** Opening Task material block **
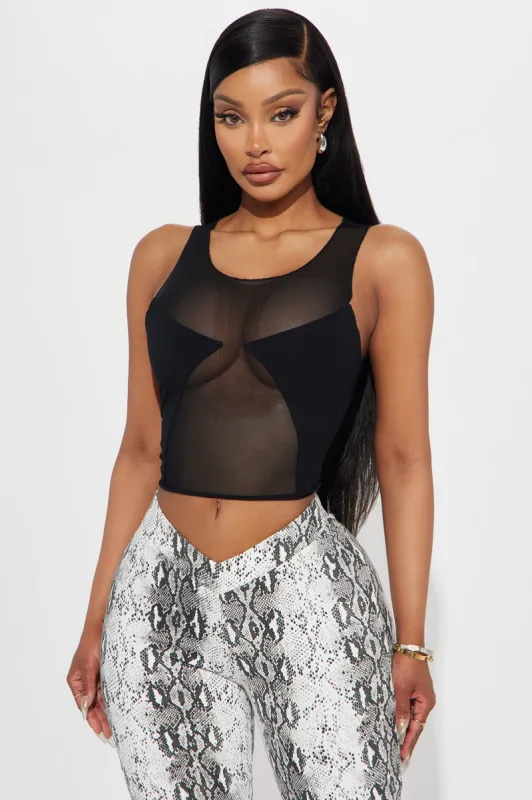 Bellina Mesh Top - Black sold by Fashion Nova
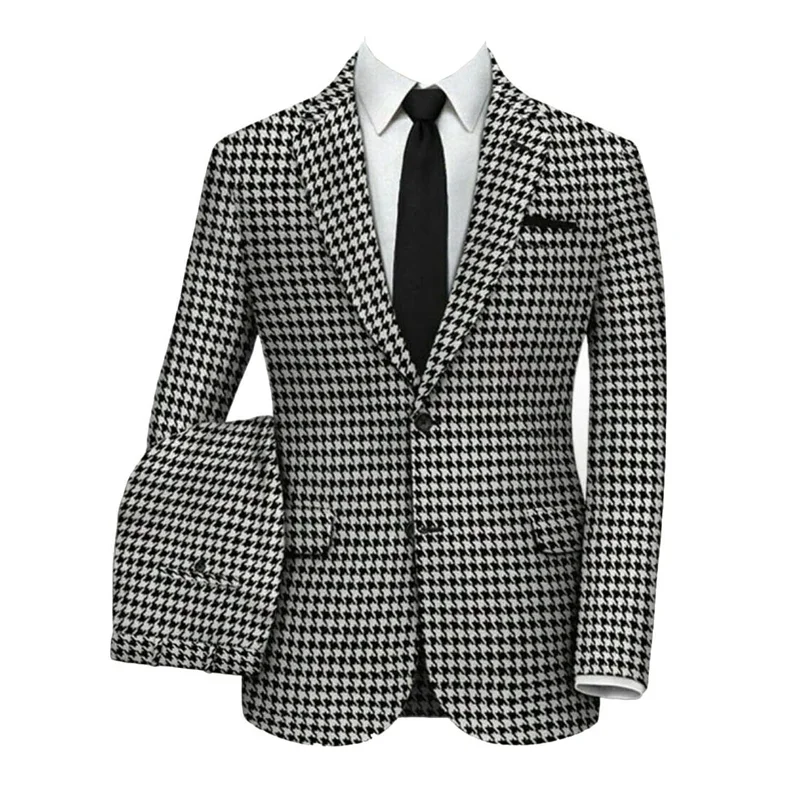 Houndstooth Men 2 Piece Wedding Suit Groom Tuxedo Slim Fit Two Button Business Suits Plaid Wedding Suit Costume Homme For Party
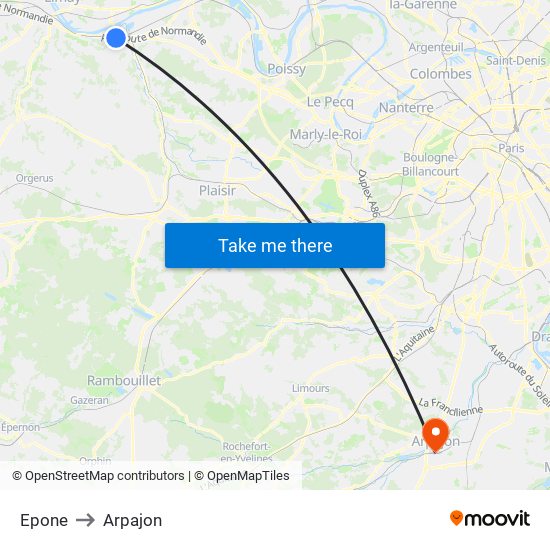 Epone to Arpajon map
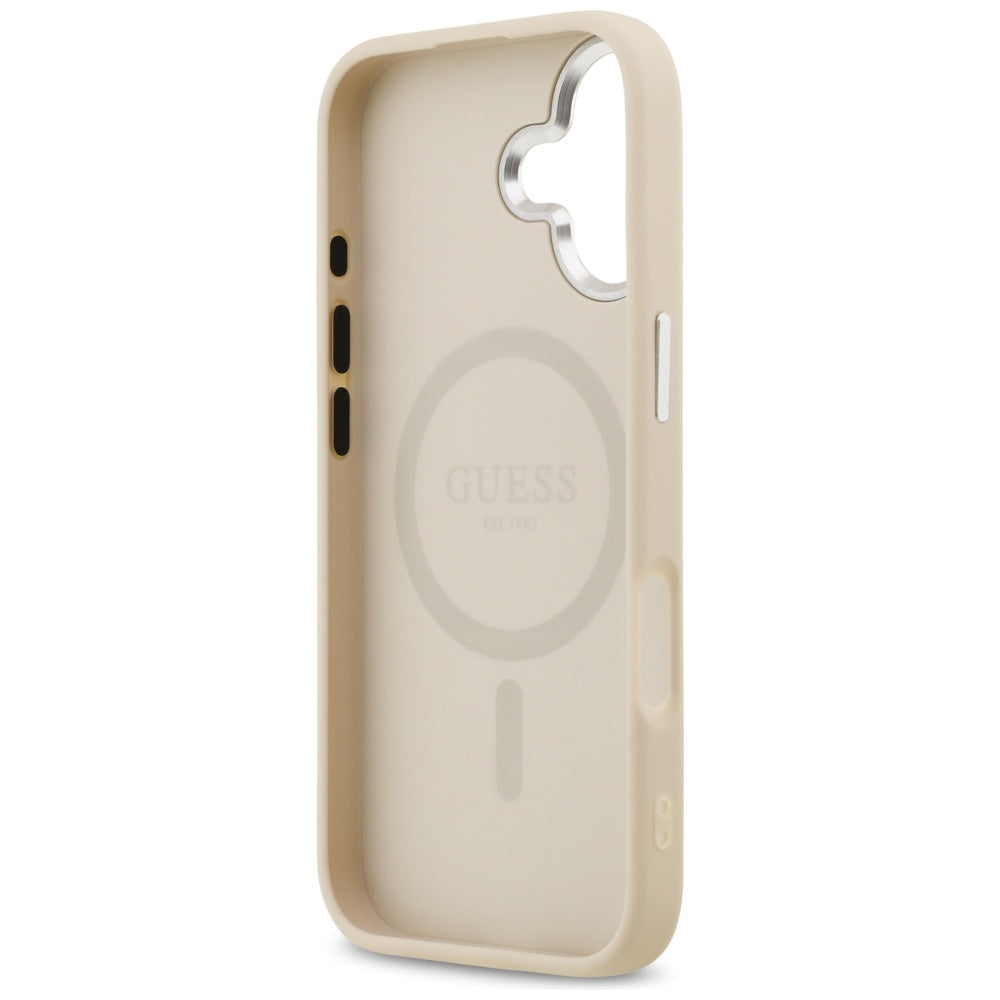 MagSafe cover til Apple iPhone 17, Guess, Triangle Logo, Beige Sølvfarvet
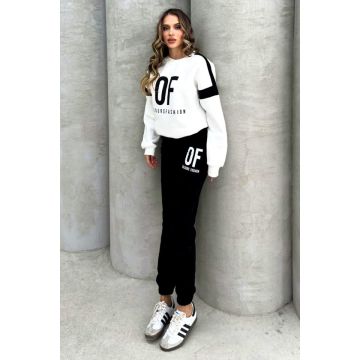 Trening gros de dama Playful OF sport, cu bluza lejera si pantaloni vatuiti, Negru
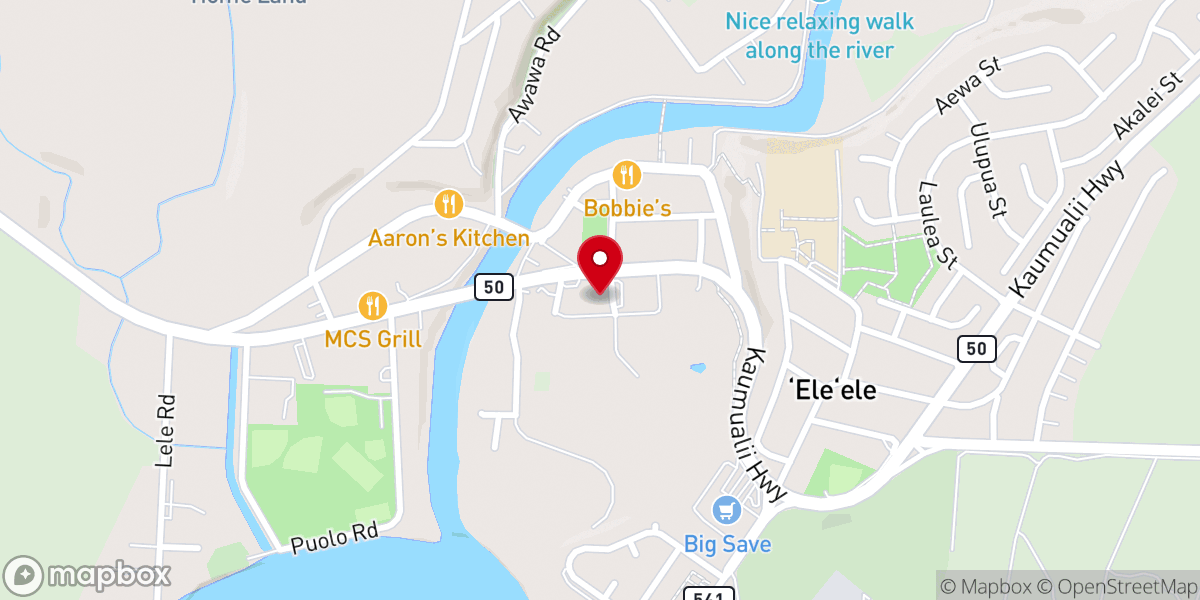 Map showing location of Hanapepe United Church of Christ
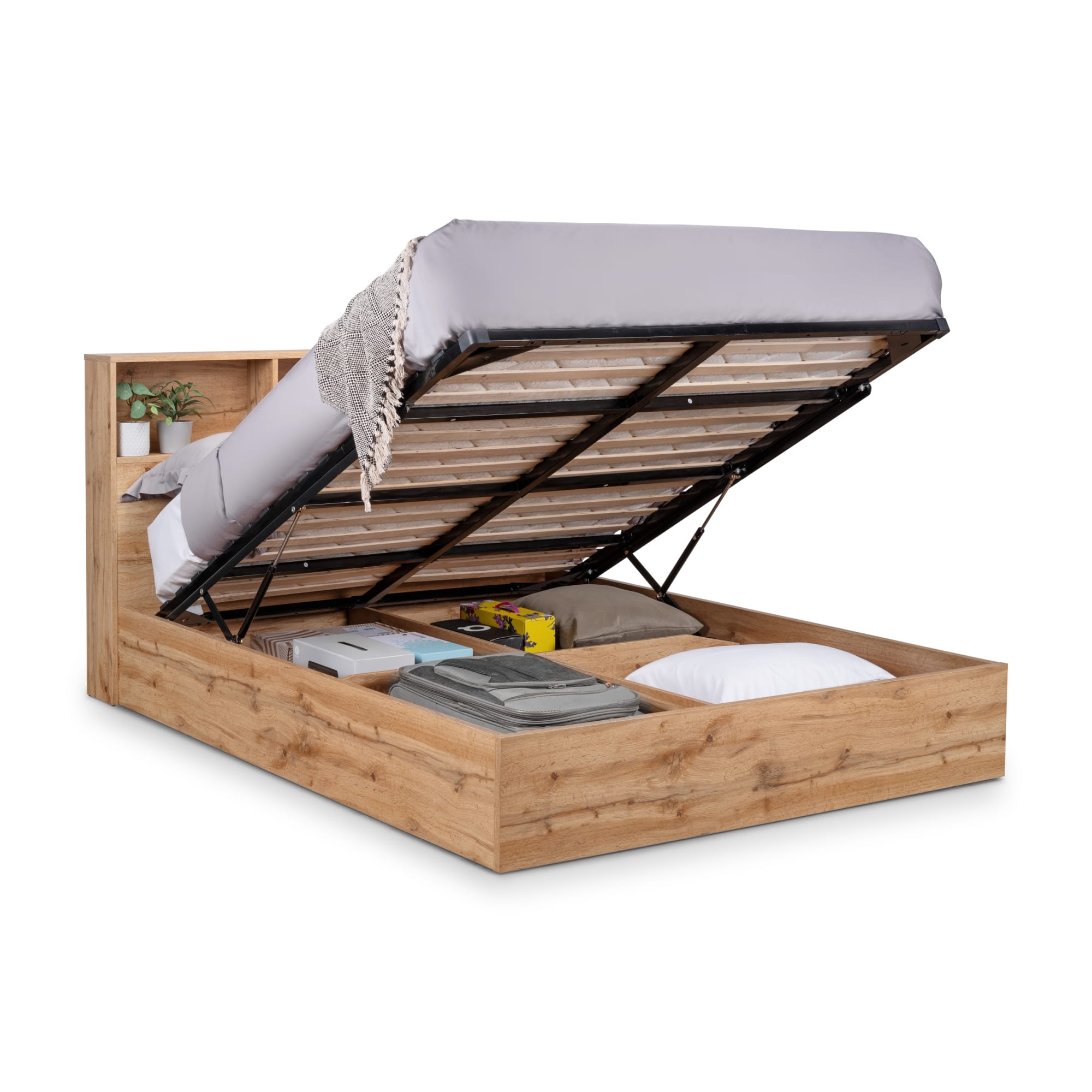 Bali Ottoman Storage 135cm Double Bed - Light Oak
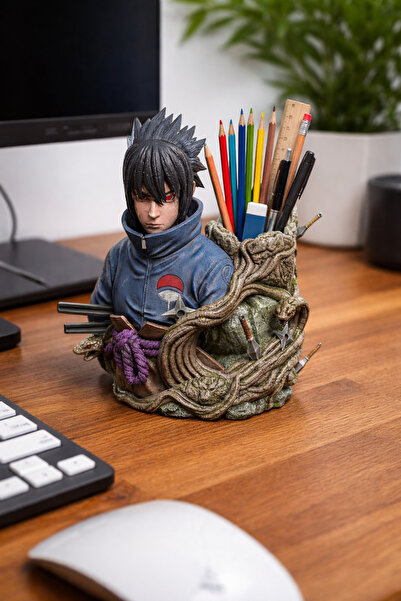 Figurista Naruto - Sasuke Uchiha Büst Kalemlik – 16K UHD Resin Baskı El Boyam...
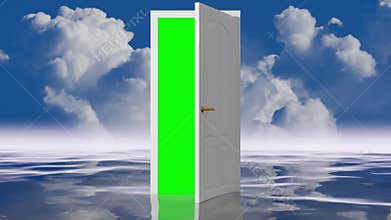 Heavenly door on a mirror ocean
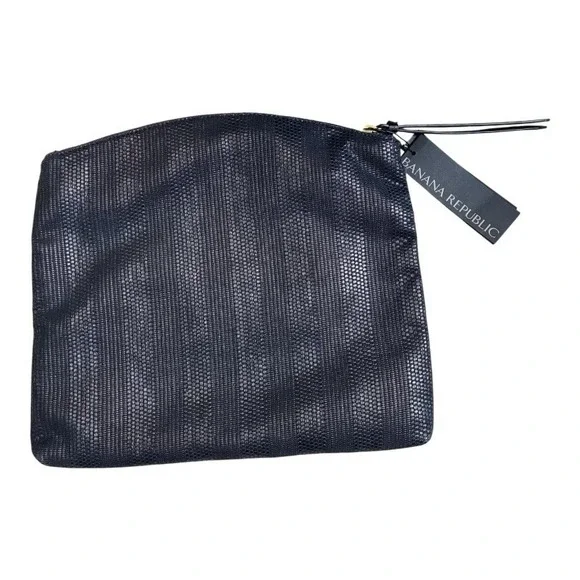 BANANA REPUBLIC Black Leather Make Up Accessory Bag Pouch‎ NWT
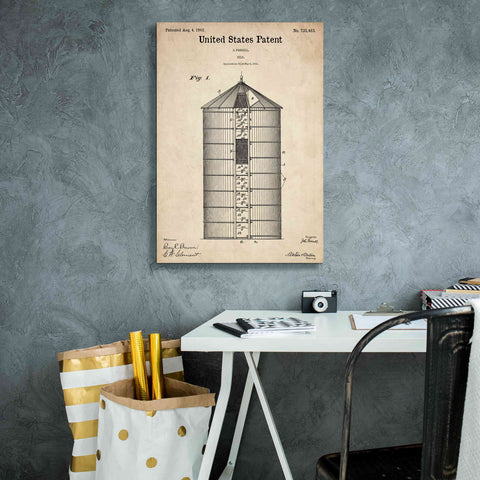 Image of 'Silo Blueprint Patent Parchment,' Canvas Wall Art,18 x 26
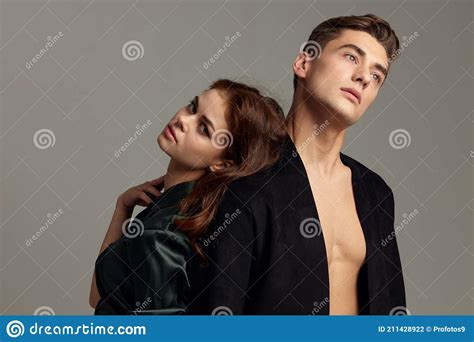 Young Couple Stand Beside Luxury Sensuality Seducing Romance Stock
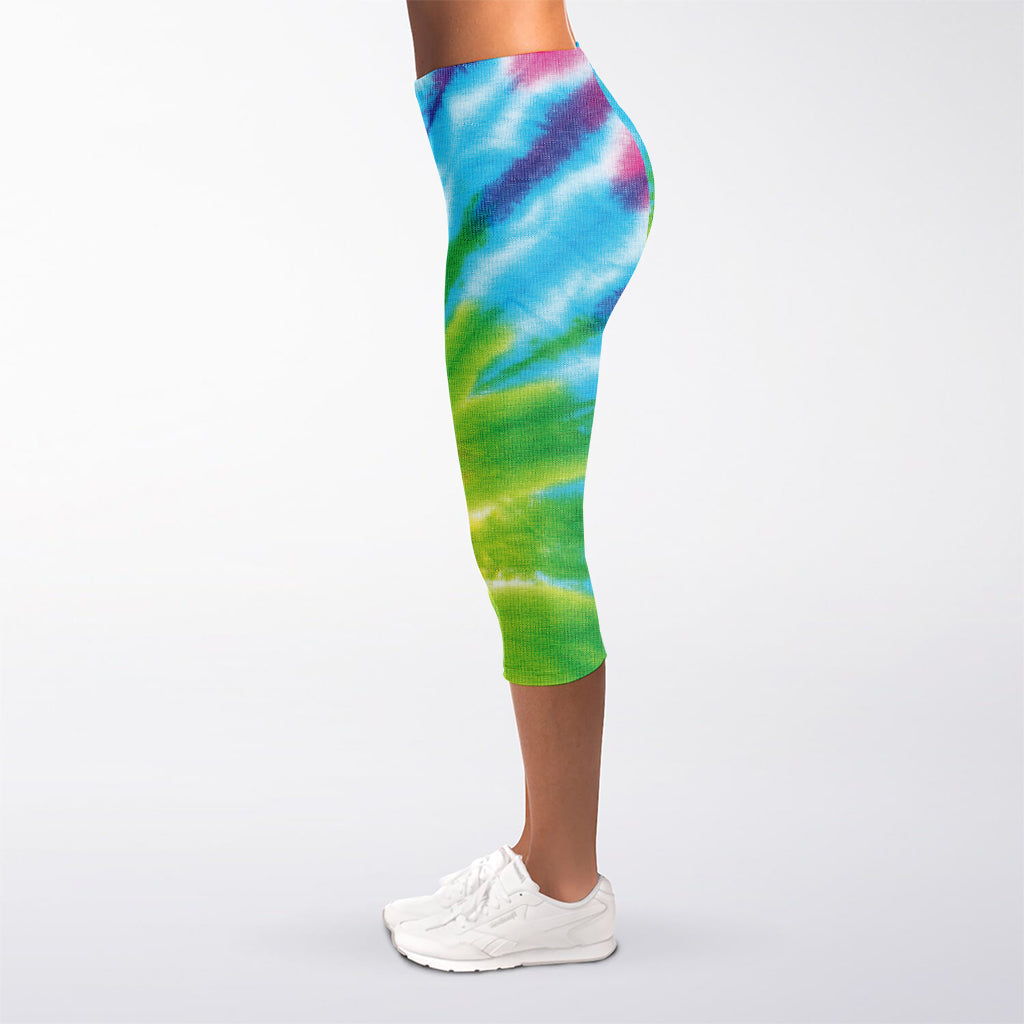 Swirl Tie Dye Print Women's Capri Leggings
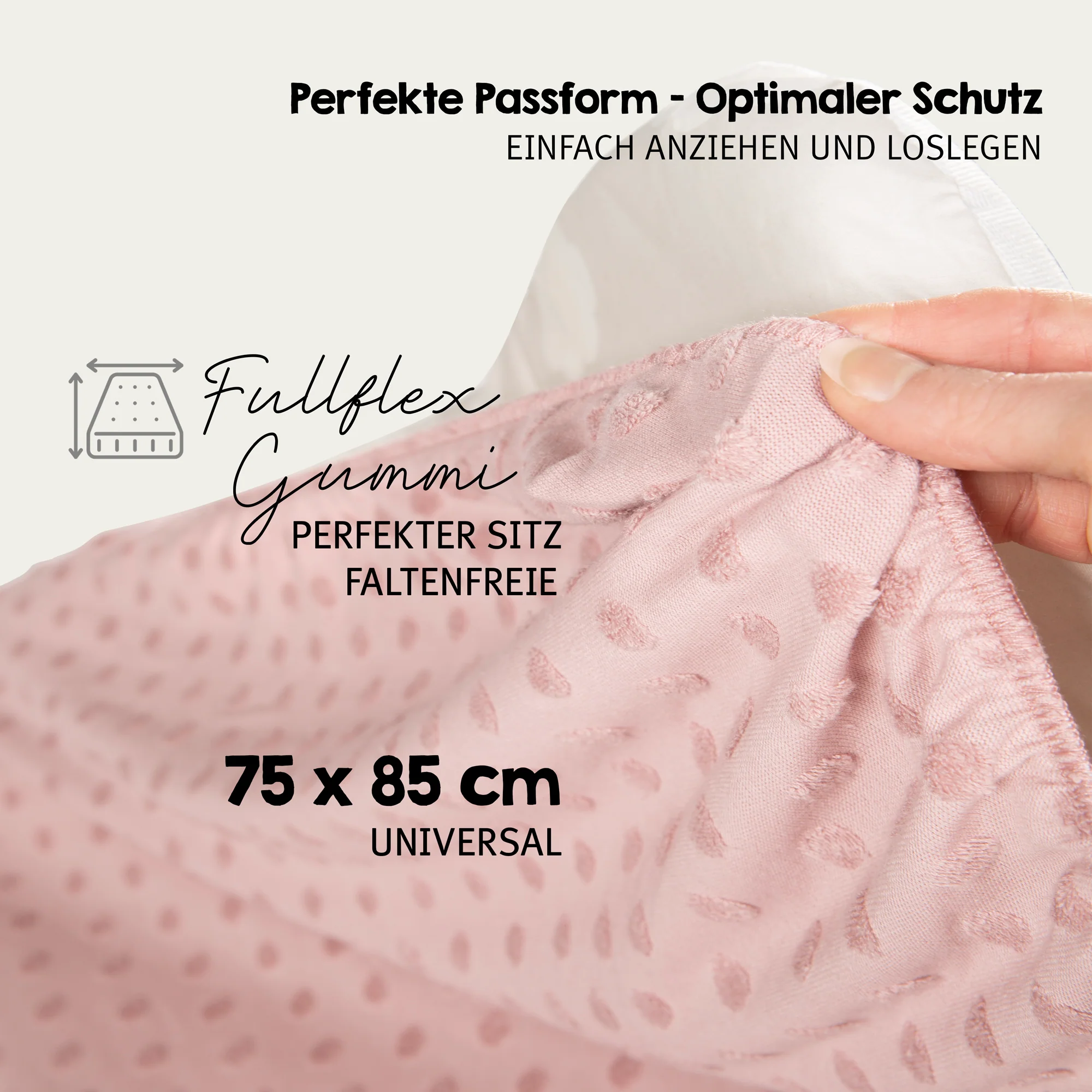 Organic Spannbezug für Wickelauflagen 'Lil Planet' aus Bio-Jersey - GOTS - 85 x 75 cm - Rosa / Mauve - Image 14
** Closing Task material block **
◆ **Task**:
Copy every record above exactly, leaving out the pictures.

◆ **Response for this exercise**:
 Bellina Mesh Top - Black sold by Fashion Nova
 Houndstooth Men 2 Piece Wedding Suit Groom Tuxedo Slim Fit Two Button Business Suits Plaid Wedding Suit Costume Homme For Party
 Epone to Arpajon map
 MagSafe cover til Apple iPhone 17, Guess, Triangle Logo, Beige Sølvfarvet
 Trening gros de dama Playful OF sport, cu bluza lejera si pantaloni vatuiti, Negru
 Map showing location of Hanapepe United Church of Christ
 Bali Ottoman Storage 135cm Double Bed - Light Oak
 Figurista Naruto - Sasuke Uchiha Büst Kalemlik – 16K UHD Resin Baskı El Boyam...
 Heavenly door on a mirror ocean
 BANANA REPUBLIC Black Leather Make Up Accessory Bag Pouch‎ NWT
 Image of 'Silo Blueprint Patent Parchment,' Canvas Wall Art,18 x 26
 Young Couple Stand Beside Luxury Sensuality Seducing Romance Stock
 Swirl Tie Dye Print Women's Capri Leggings
 Organic Spannbezug für Wickelauflagen 'Lil Planet' aus Bio-Jersey - GOTS - 85 x 75 cm - Rosa / Mauve - Image 14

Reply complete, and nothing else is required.